Unconventional Finals Prep: Procrasti-cleaning

You’d think that I’d be used to law school finals considering this is my 4th time (and, since I came right through from undergrad, I’ve been having final exams and papers every winter and every spring for the past 6 years of my life). Spoiler alert: I’m not used to them, at all, and I don’t think you ever really get “used” to finals or feel completely at ease, especially with law school finals. Each finals experience is different. Last year it was all exams, this year it’s exams mixed with papers. Last spring the weather was beautiful beckoning us to take a few extra walks in the sunshine, this spring Mother Nature seems stuck in dreary February cold and is forcing us inside. Last year things were perfectly spaced out for us and there were plenty of E&Es to rely upon, this year deadlines are jammed together and only one of my four classes has commercial study aids (and it’s Corporations, so that’s basically a lost cause).

There’s one thing that hasn’t changed, though. Procrastination is here, motivation is dwindling, and wits are reaching their end. There’s a common saying that “law school isn’t a sprint, it’s a marathon,” and the clarity of that statement is never more clear than during finals prep. Though every finals season hits me just as hard, I’ve slowly come up with tried and true ways to make it through with (hopefully) a bit of sanity intact. One of my favorite things to do while prepping for finals is procrasti-cleaning. No, that’s not a real word, but yes, it is a real thing. I call it procrasti-cleaning to inject some humor into what has been, until now, a slightly melancholy blog post about a very melancholy time. Procrasti-cleaning is just what it sounds like: procrastination via cleaning. It’s procrastination, which is bad, but when you procrastinate by cleaning means at least you’re being productive in another sense. If I haven’t hooked you yet, hear me out.

If you told my parents 10 years ago that I’d be a neat and tidy adult, they would have laughed in your face. Well, looks like their neat-freak, sterile-based-living has in fact rubbed off on me, because now that I’m on my own I crave the same level of cleanliness. I’m nowhere near the level that they are yet, mostly because of time constraints and living in an apartment in a 100+ year old house just means dust is woven into the grooves of the floor (literally). But I found myself craving cleanliness- especially when I’m stressed in other ways and especially when school becomes stressful.

Enter: procrasti-cleaning. Like clockwork, and particularly in the spring, the first thing that starts to stress me out (besides school stress) is when my apartment is a mess. And, like a catch-22, my apartment is the most messy when I’ve got 700 other things to worry about (like school). If I walk into my room and the bed is made, clothes are put away, and clutter is minimal, I feel more at ease. So,one of the first things I do when it starts getting close to finals is tidy up my apartment. I don’t do a deep clean (there’s really NO time for that) and I do clean my space regularly, so it’s not like I only clean during finals! But this time I focus specifically on the space where I spend the most time. I like studying at home, at my desk in my bedroom, so I make sure my room is nice and clean. I vacuum every nook and cranny (including the radiator!); I completely re-make the bed with fresh linens, a freshly clean comforter, and pillowcases; I purge old paperwork that’s been collecting on or in my desk; I tidy up my closet and dresser; and I put away all knick-knacks and clutter and loose books.

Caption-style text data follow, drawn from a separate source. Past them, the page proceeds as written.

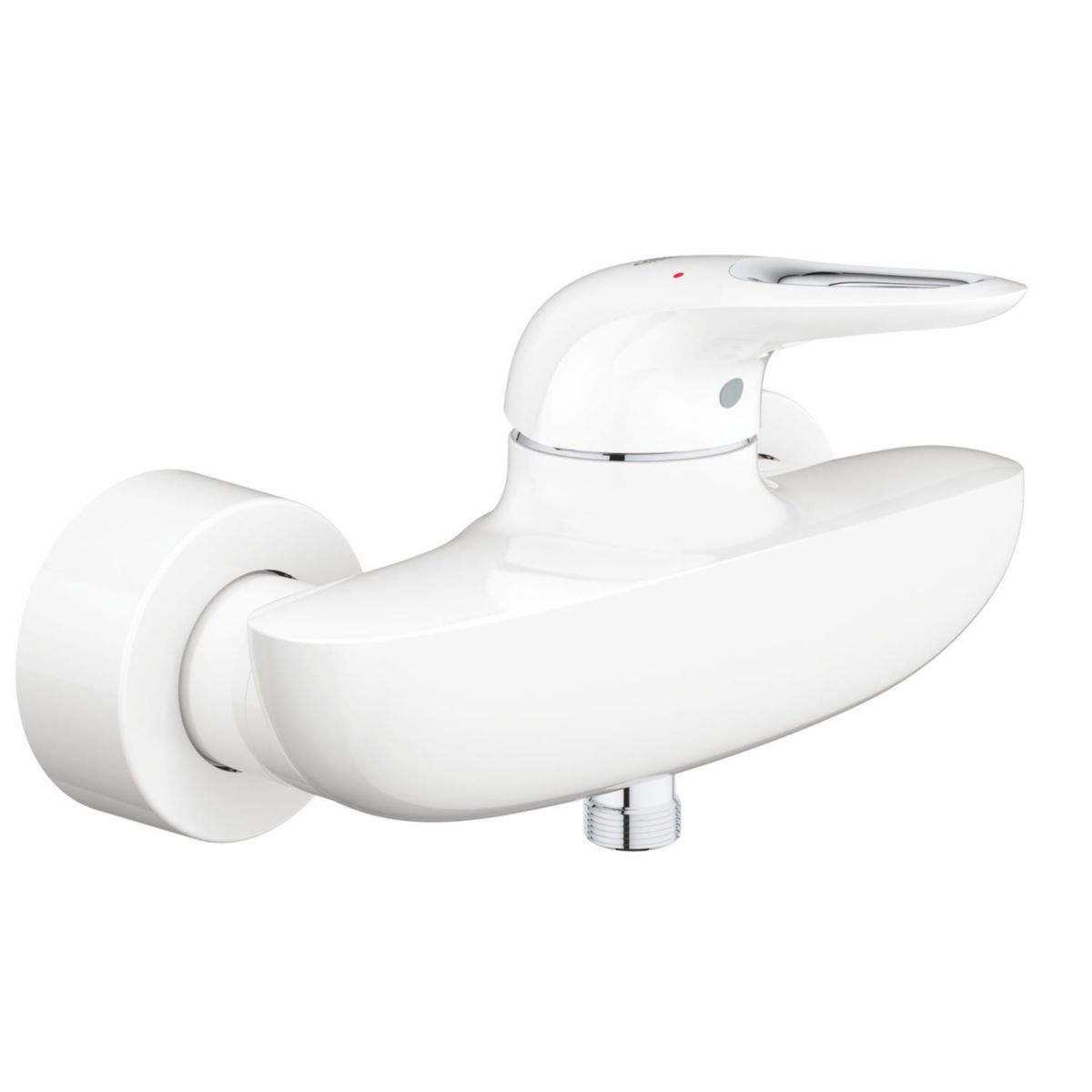 Mitigeur Eurostyle douche C2 Blanc/Chromé réf. 33590LS3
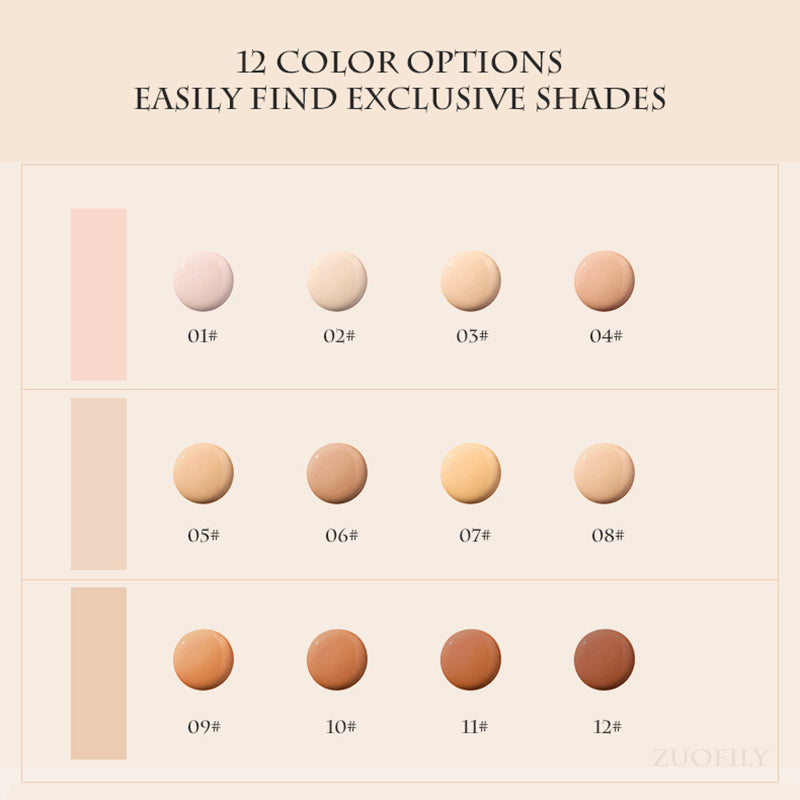 Pudaier Long-lasting Matte Foundation Stick for Dark Skin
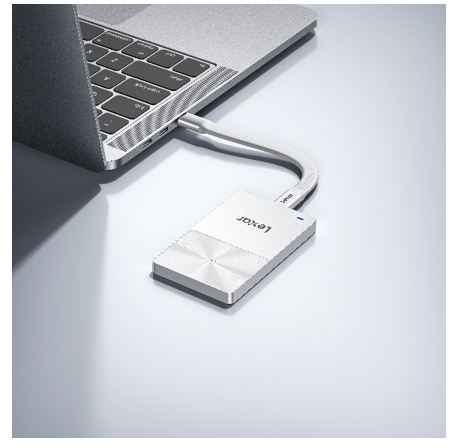 Lexar Launches Its TouchLock Portable SSD, Expanding Its Mobile-Creation Lineup with the Go Portable SSD with Hub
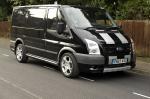 Ford Transit SportVan 2007 года (UK)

Now that the room is clean, the benefits are palpable. When I walk into the room, my mind is more at ease, and it’s one less thing I have to worry about. I feel so much better emotionally and physically walking into a very clean room. Less clutter that I see means less clutter in my brain (at least that’s what I tell myself!). Starting with a clean slate makes me more inclined to keep it clean in the coming weeks as well, which will benefit me when finals roll around far too soon. And if spring ever gets here and I can throw open the windows, I know my mood will instantly improve again with fresh air AND a clean room! Oh, and one last thing: I feel that I accomplished something by cleaning, even if doing so was a ploy to procrastinate what I really should be accomplishing! So, if you hadn’t bought “procrasti-cleaning” as a benefit before this post, I hope you at least see the benefits now! And try it out- I promise that a clean room won’t make you feel worse, and you’ll likely feel a lot better.